Medhanie Haile is one of several journalists arrested after the government summarily banned the privately owned press on September 18, 2001, in response to growing criticism of President Isaias Afewerki. Eritrean authorities have never accounted for the whereabouts, health, or legal status of Medhanie and the others. CPJ confirmed in 2007 that one of the journalists, Fesshaye “Joshua” Yohannes, died in secret detention. CPJ has been unable to confirm reports that others, including Medhanie, perished in custody. CPJ continues to list the journalists on the prison census as a means of holding the government accountable for their fates.
Medhanie's paper was one of several that reported on divisions between reformers and conservatives within the ruling Party for Democracy and Justice and advocated for full implementation of the country's democratic constitution. A dozen top reformist officials, whose pro-democracy statements had been relayed by the independent newspapers, were also arrested.

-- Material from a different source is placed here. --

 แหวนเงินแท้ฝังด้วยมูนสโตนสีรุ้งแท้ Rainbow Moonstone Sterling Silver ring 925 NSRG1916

In a 2015 article published by The Guardian, Abraham Zere, executive director of the free speech advocacy group PEN Eritrea in Exile, wrote that Medhanie was a lawyer by profession who also worked for the ministry of justice. Medhanie wrote critical articles “calling for the rule of law to be firmly established in the country post-independence,” according to Abraham. Following the banning of the private press on September 18, 2001, Medhanie was one of a group of journalists that addressed a letter to the Ministry of Information asking for clarification, according to a 2009 blog post by Aaron Behrane, former editor of Setit newspaper who now lives in exile, published by CPJ.
Authorities initially detained the journalists at a police station in the capital, Asmara, where they began a hunger strike on March 31, 2002, and smuggled a message out of jail demanding due process. The government responded by transferring them to secret locations without bringing them before a court or publicly registering charges. Several people familiar with the situation told CPJ that the journalists were confined at the Eiraeiro prison camp or at a military prison, Adi Abeito, based in Asmara.
Over the years, Eritrean officials have offered vague and inconsistent explanations for the arrests--accusing the journalists of involvement in anti-state conspiracies in connection with foreign intelligence, of skirting military service, and of violating press regulations. Officials, at times, even denied that the journalists existed.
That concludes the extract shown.